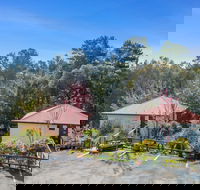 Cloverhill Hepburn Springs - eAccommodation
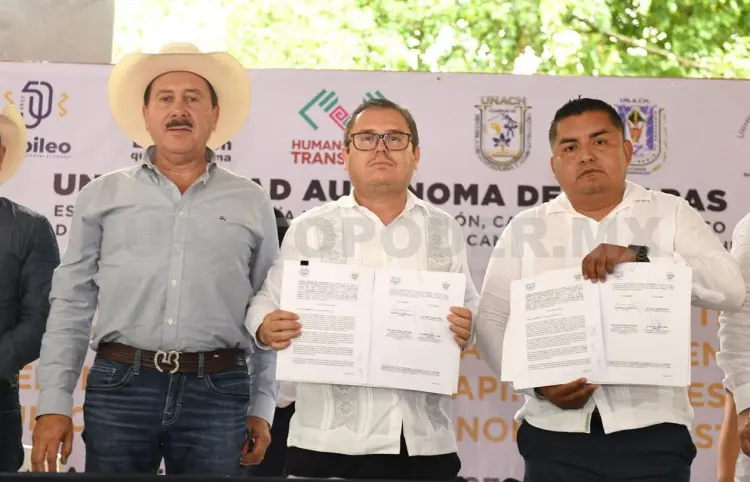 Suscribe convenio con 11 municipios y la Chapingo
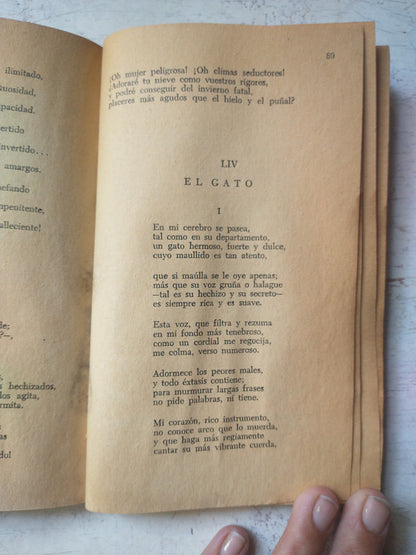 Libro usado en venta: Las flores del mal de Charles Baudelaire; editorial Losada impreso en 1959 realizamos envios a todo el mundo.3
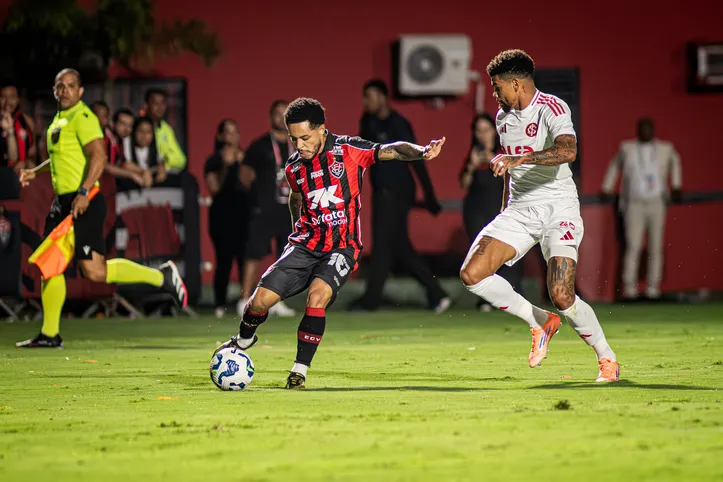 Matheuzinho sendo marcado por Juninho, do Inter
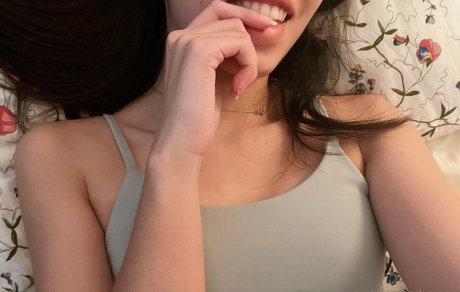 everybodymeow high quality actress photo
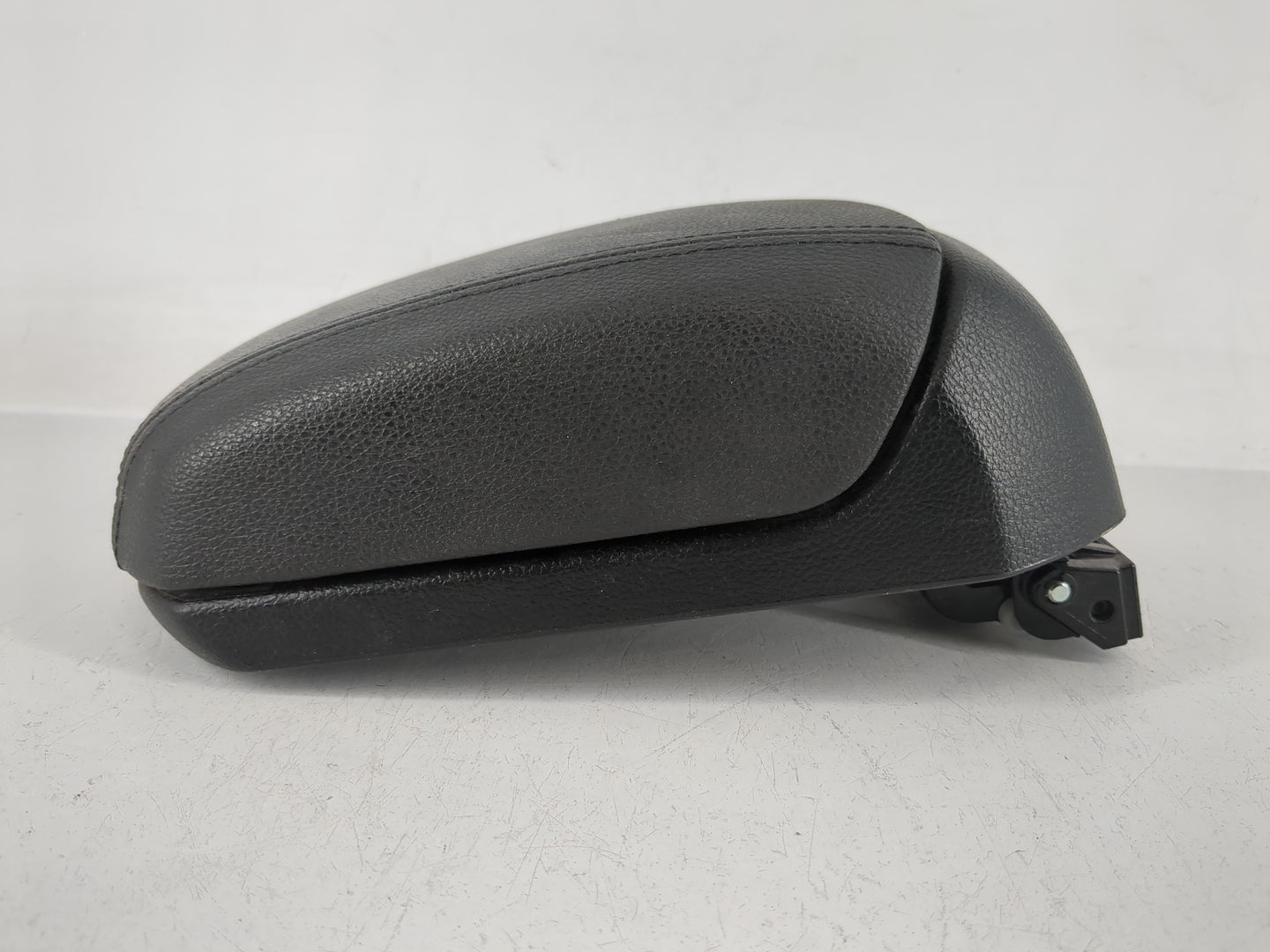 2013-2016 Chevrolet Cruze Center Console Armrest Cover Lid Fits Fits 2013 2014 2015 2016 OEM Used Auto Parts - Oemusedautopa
_ _ _ _ _
> **Exercise**:
Excluding all pictures, output exactly the lines from the line containing "everybodymeow high quality actress photo" through the last line of the entries above.

> **Completed exercise**:
 everybodymeow high quality actress photo
 2013-2016 Chevrolet Cruze Center Console Armrest Cover Lid Fits Fits 2013 2014 2015 2016 OEM Used Auto Parts - Oemusedautopa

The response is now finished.